この時期にどれだけ技術を吸収し、資格手当を上乗せできるかが、30代以降の昇給幅を大きく左右するでしょう。
30代に入ると現場の主軸として難易度の高い整備を任されるようになり、年収450万円を突破できるかどうかがキャリアにおける一つの大きな境界線です。

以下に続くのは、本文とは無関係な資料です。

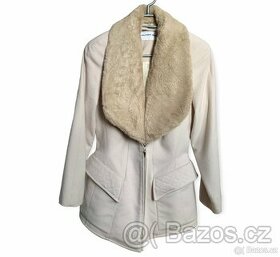 MUGLER dámský kabátek / sako - vlna, kašmír, PC  1500 EUR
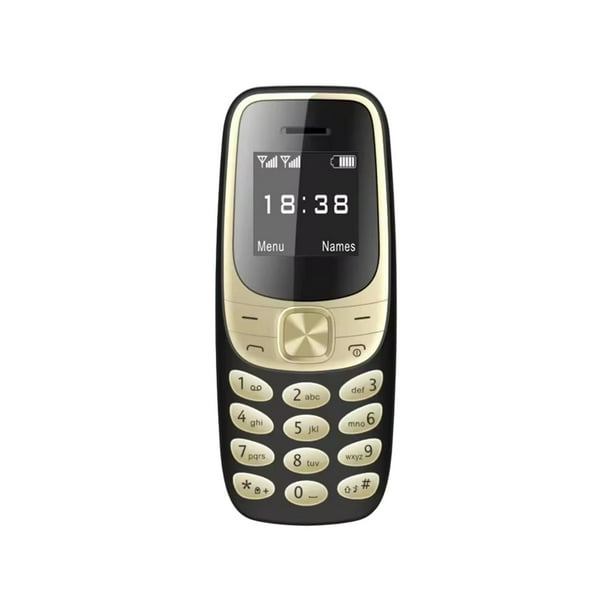 Herunwer BM35 Simple Keypad Cell Phone, Mini Senior and Student Backup Phone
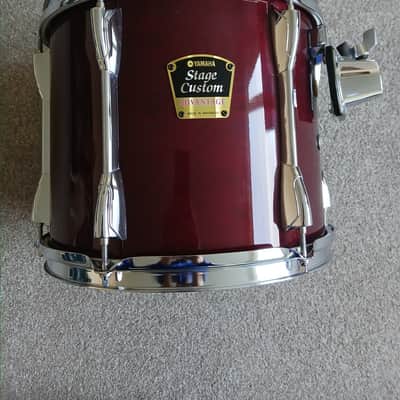 Yamaha Stage Custom Advantage 2001 - Cranberry Red image 15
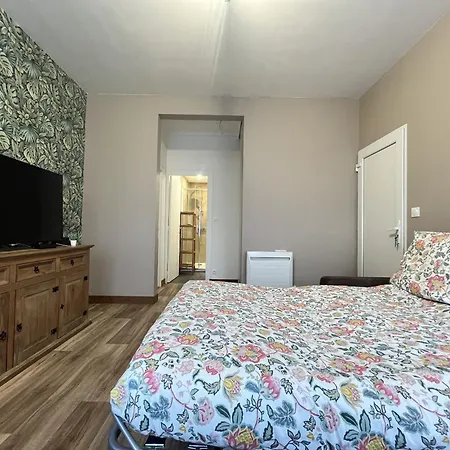 Le Lotus - Gare Sud Batignolles - 4 Pers 勒芒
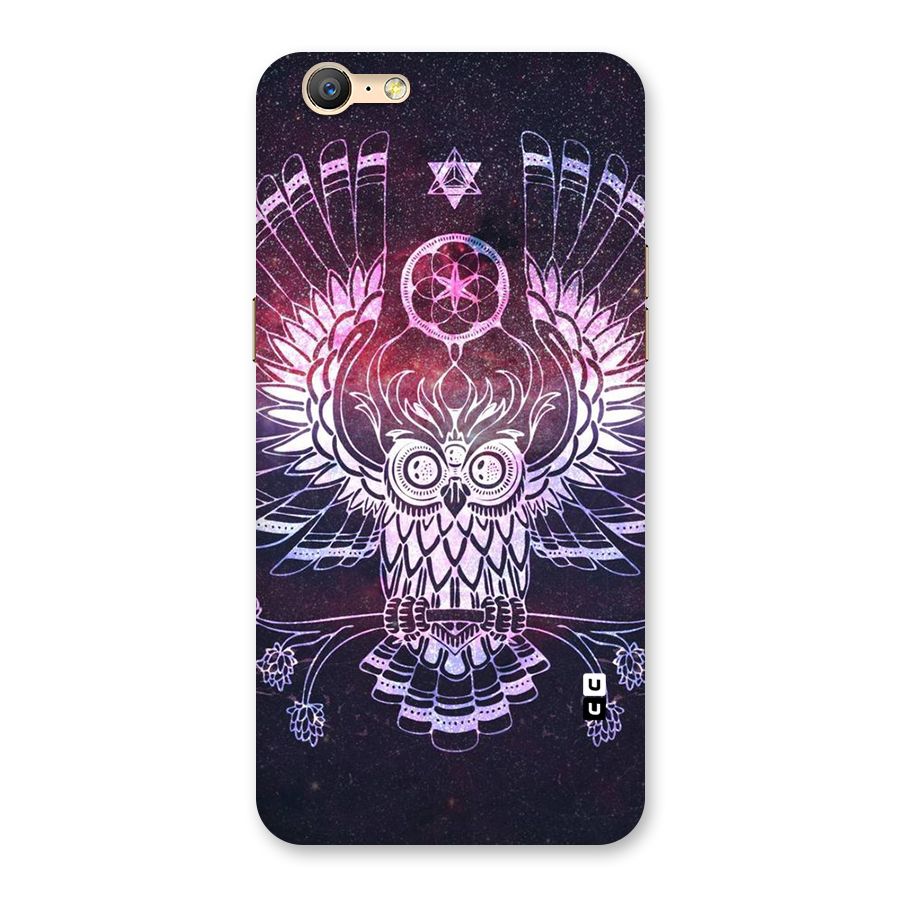 Owl Quirk Swag Back Case for Oppo A57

結婚や住宅購入などのライフイベントが重なる時期でもあるため、現在の勤務先で納得のいく昇給カーブが描けているかを見極めなければなりません。
40代・50代では、現場リーダーや工場長、あるいはフロント職への移行によって管理職報酬が加算されるようになります。
ここでマネジメント層へ昇進して年収600万円以上の高待遇を掴む層と、一般整備士として年収が横ばいに留まる層とで、給与格差が顕著に現れる傾向があります。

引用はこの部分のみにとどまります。